(Records contained in a dataset)

=== Begin Enclosure ===

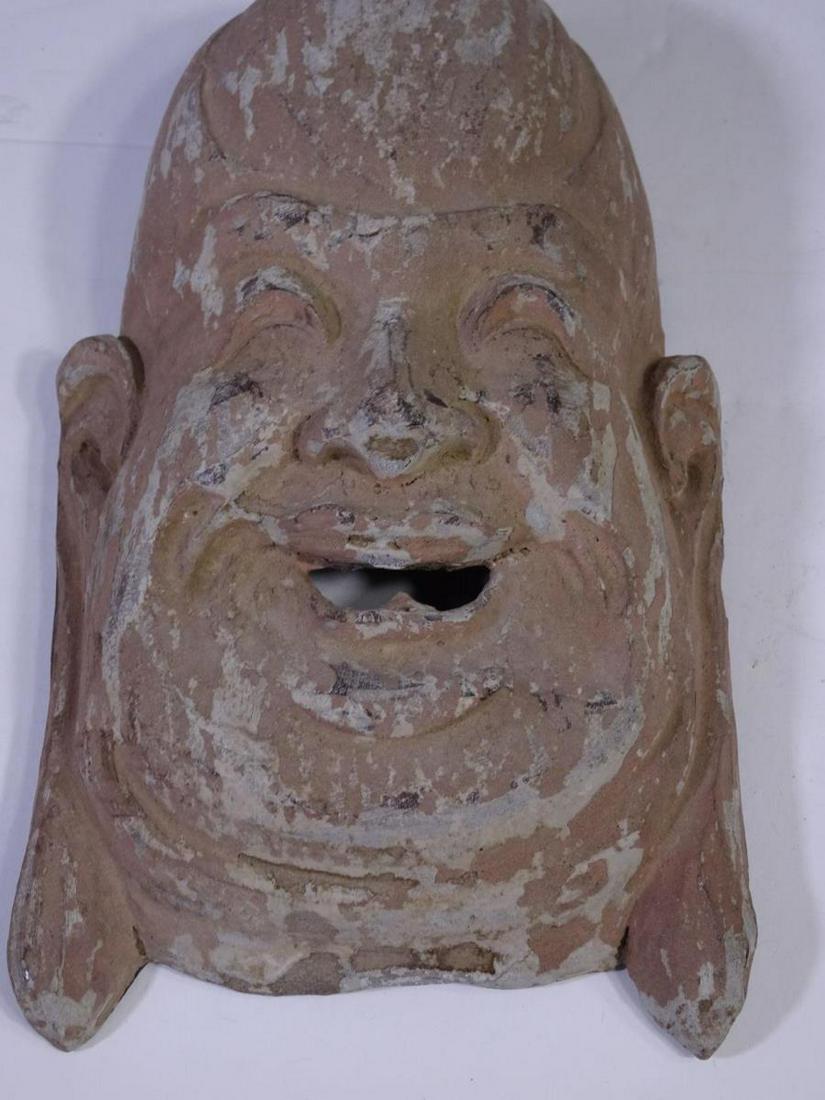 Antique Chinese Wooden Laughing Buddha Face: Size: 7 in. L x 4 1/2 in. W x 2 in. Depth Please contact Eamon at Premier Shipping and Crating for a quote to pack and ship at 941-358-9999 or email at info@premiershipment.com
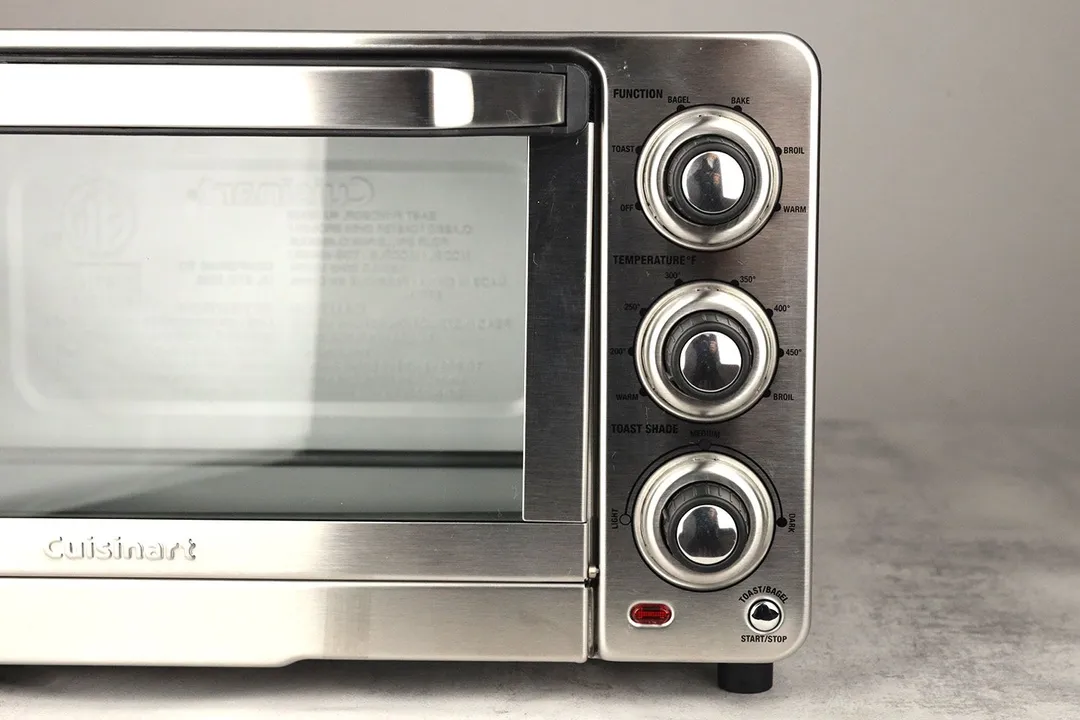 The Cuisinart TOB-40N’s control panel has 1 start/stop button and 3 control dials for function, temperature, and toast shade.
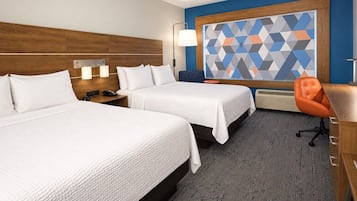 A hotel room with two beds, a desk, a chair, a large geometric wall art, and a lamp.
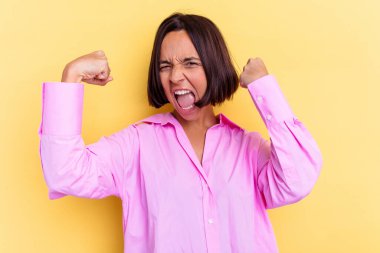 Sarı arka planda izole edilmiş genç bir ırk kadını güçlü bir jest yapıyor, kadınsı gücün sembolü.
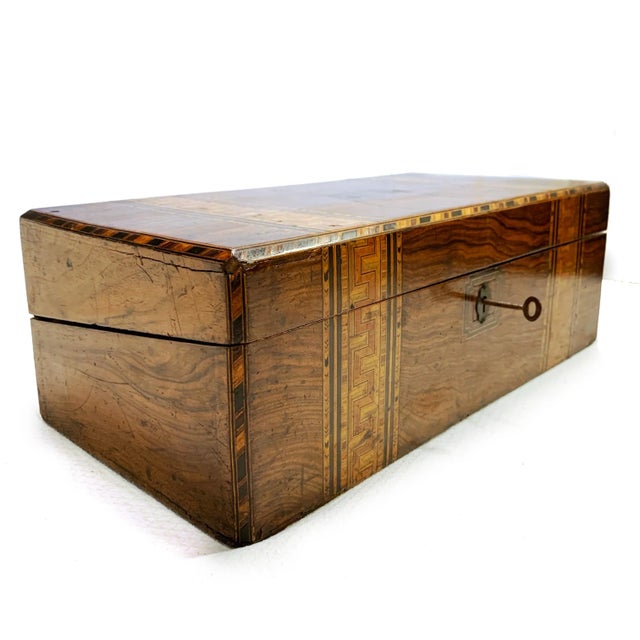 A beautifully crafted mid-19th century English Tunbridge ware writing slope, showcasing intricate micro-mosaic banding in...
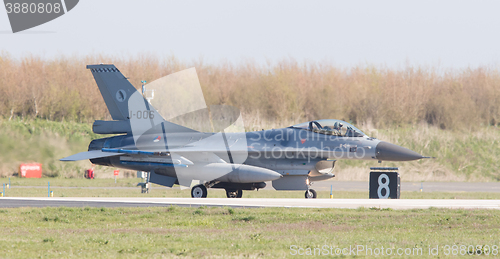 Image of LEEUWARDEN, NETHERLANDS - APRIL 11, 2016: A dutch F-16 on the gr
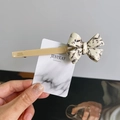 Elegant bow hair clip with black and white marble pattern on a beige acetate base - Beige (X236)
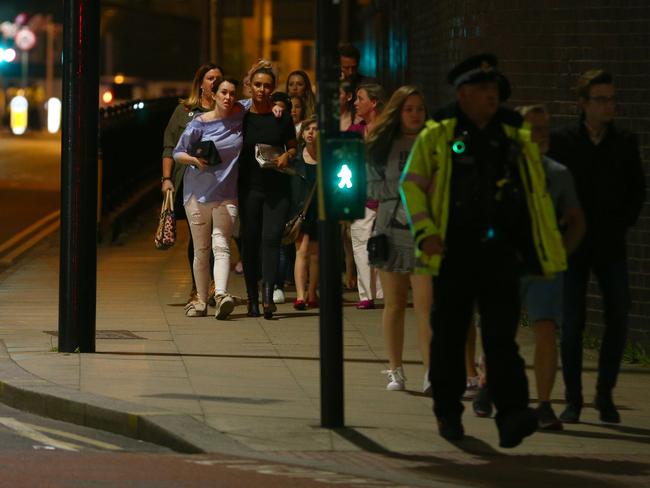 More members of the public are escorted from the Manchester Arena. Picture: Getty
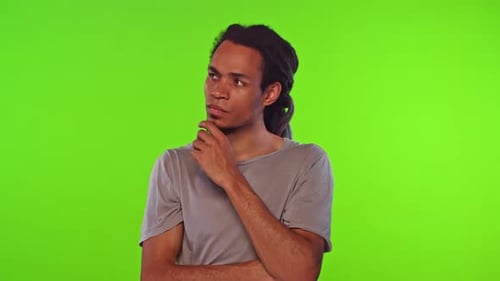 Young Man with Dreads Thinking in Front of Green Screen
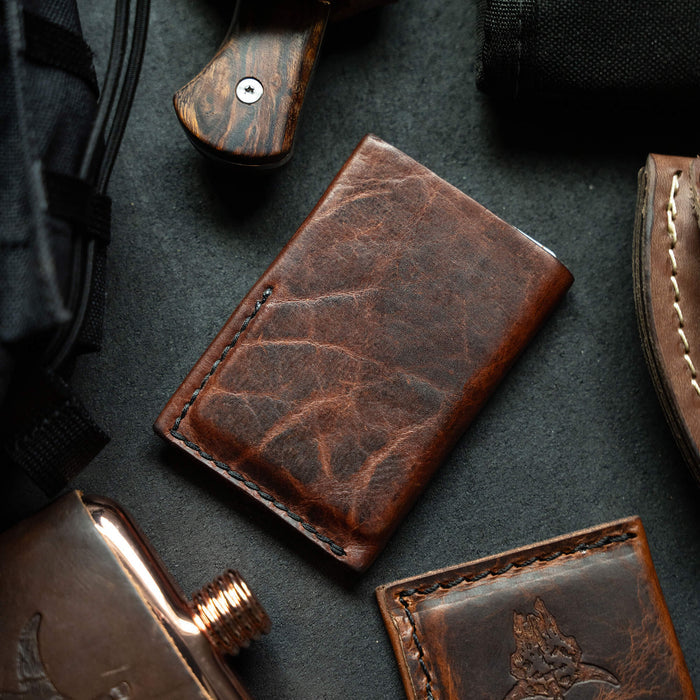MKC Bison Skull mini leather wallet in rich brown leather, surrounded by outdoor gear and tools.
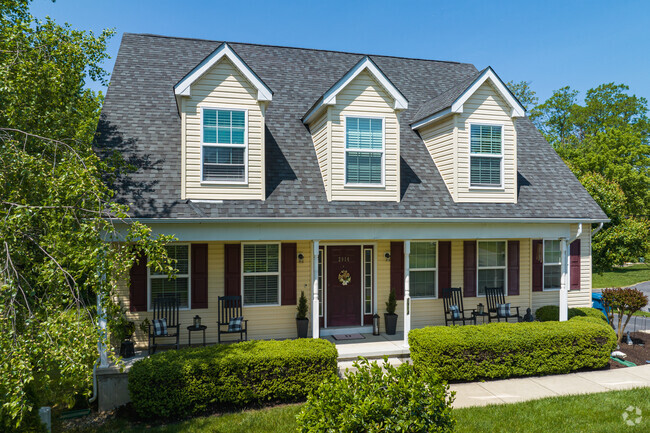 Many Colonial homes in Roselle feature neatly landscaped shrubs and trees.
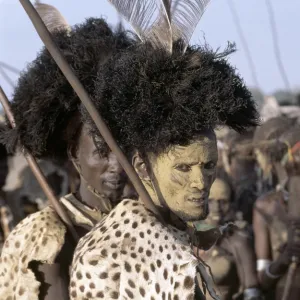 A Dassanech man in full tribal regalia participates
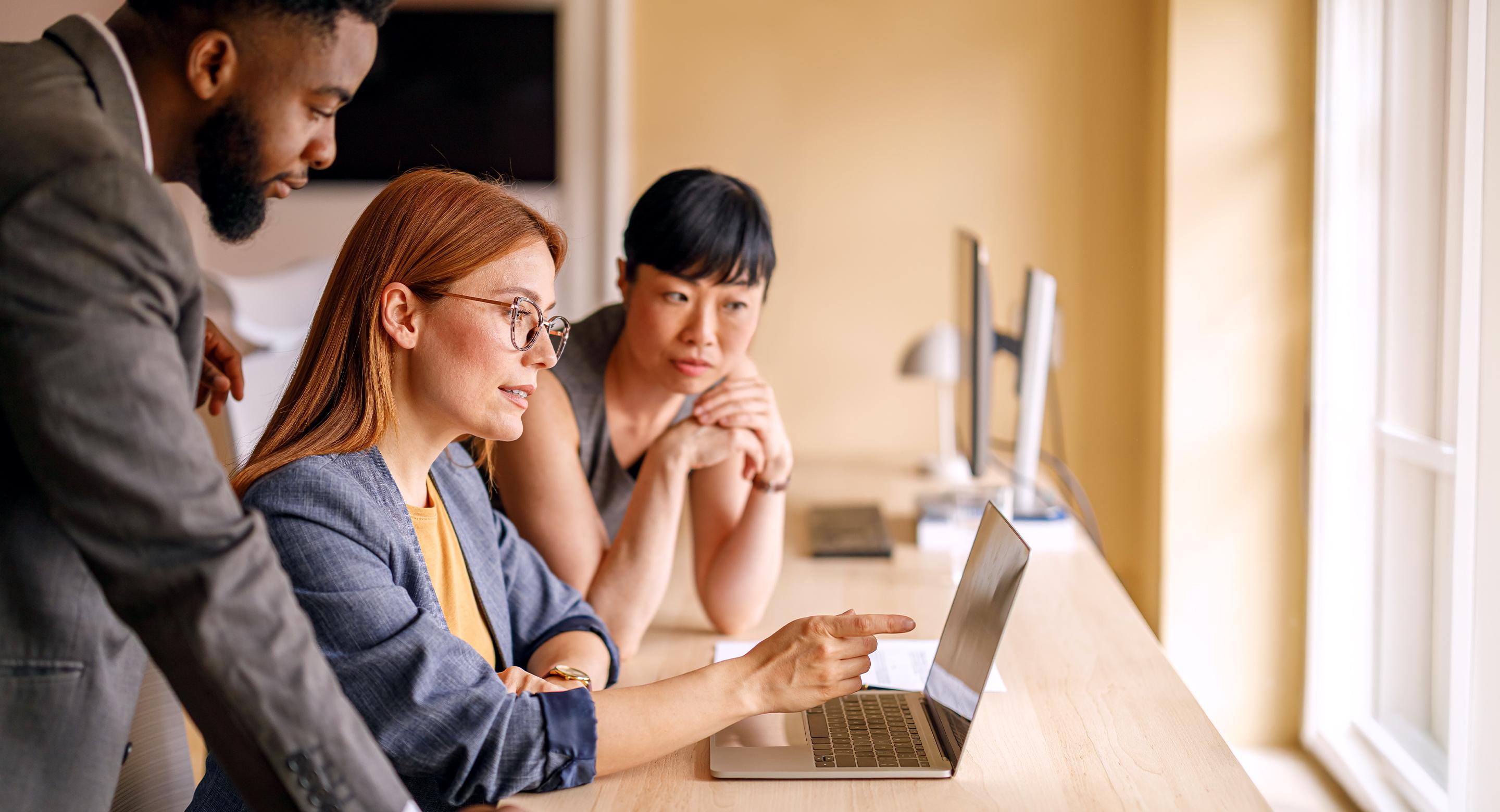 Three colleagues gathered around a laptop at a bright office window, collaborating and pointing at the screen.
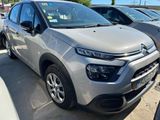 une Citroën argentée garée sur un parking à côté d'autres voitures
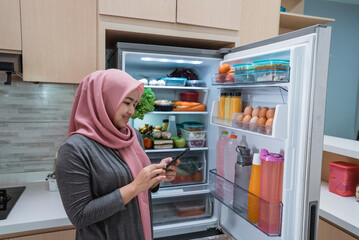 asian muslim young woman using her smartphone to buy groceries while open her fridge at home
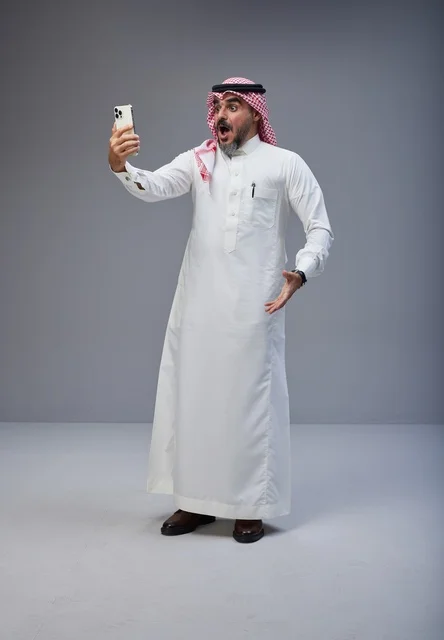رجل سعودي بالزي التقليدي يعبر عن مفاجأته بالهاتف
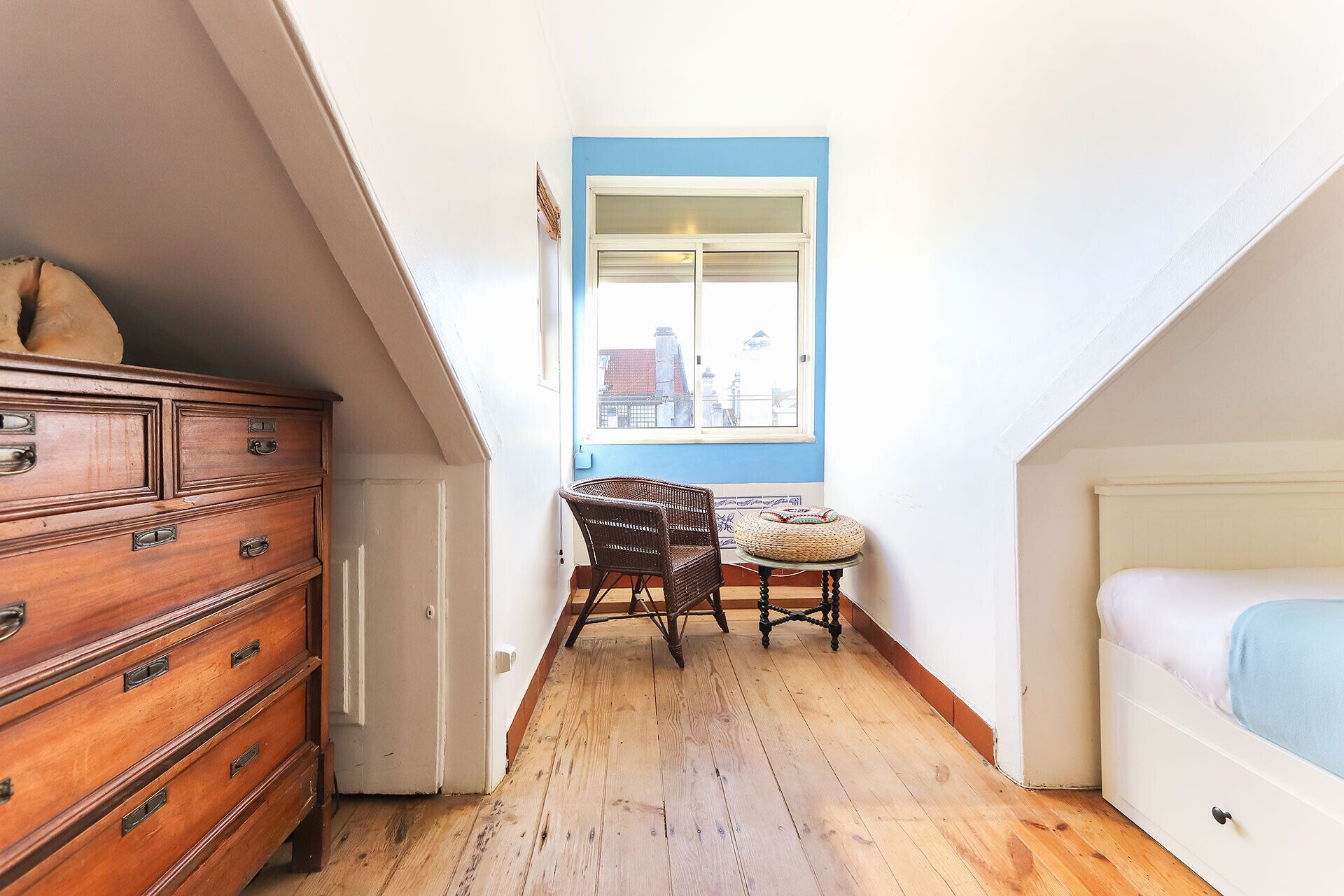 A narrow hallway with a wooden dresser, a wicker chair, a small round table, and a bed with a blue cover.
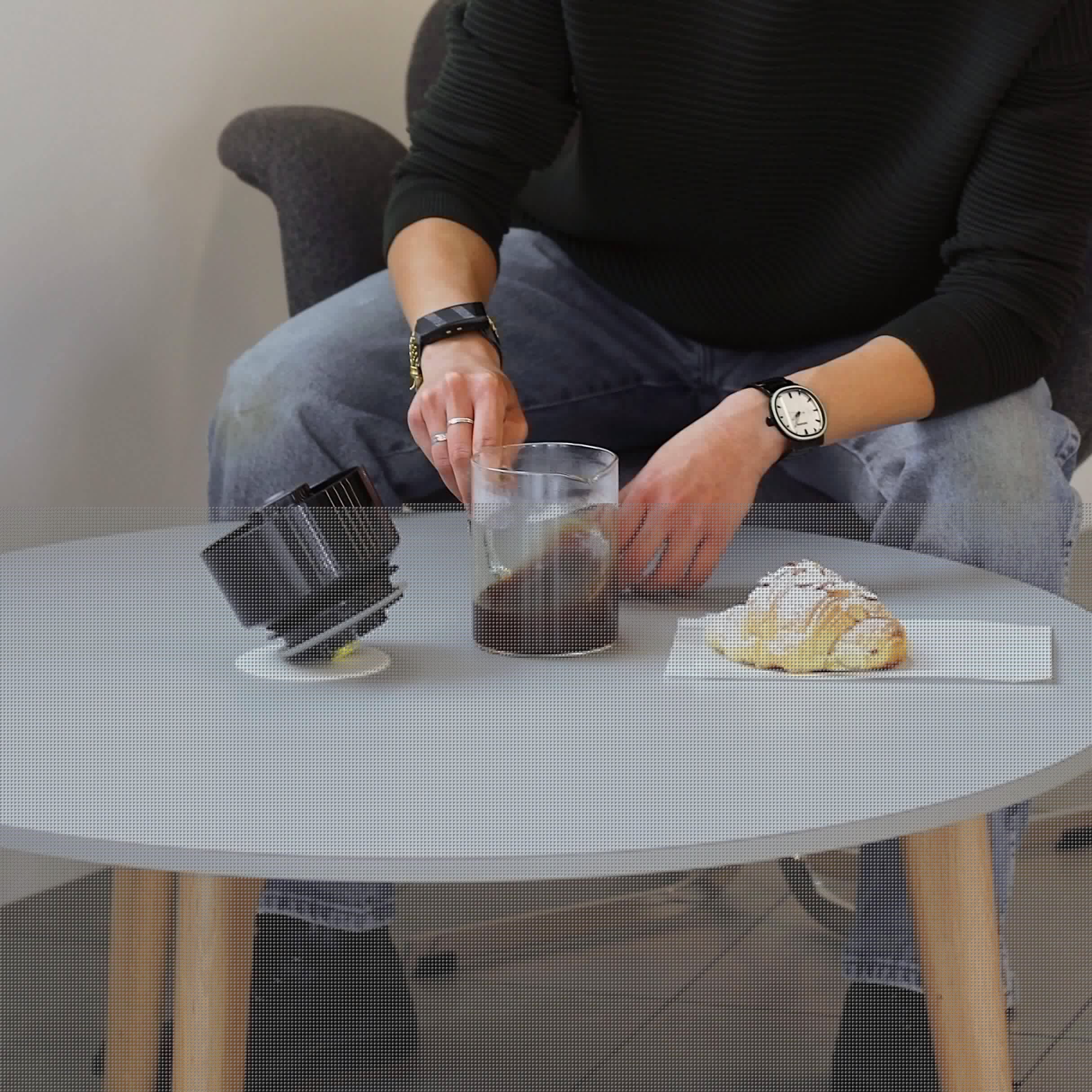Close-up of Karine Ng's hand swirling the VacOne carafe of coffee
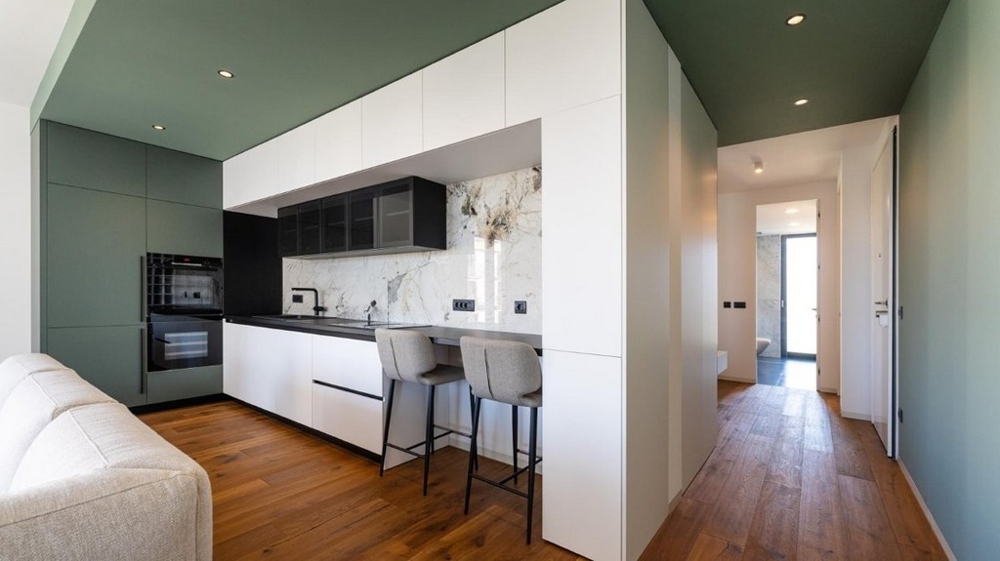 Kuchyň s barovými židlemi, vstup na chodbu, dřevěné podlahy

=== End Enclosure ===

Work required: Copy exactly the lines that run from the line containing "A Dassanech man" to the end of the data above, keeping both end lines and leaving out all pictures.

Answer to the exercise:
 A Dassanech man in full tribal regalia participates
 Three colleagues gathered around a laptop at a bright office window, collaborating and pointing at the screen.
 une Citroën argentée garée sur un parking à côté d'autres voitures
 asian muslim young woman using her smartphone to buy groceries while open her fridge at home
رجل سعودي بالزي التقليدي يعبر عن مفاجأته بالهاتف
 A narrow hallway with a wooden dresser, a wicker chair, a small round table, and a bed with a blue cover.
Close-up of Karine Ng's hand swirling the VacOne carafe of coffee
 Kuchyň s barovými židlemi, vstup na chodbu, dřevěné podlahy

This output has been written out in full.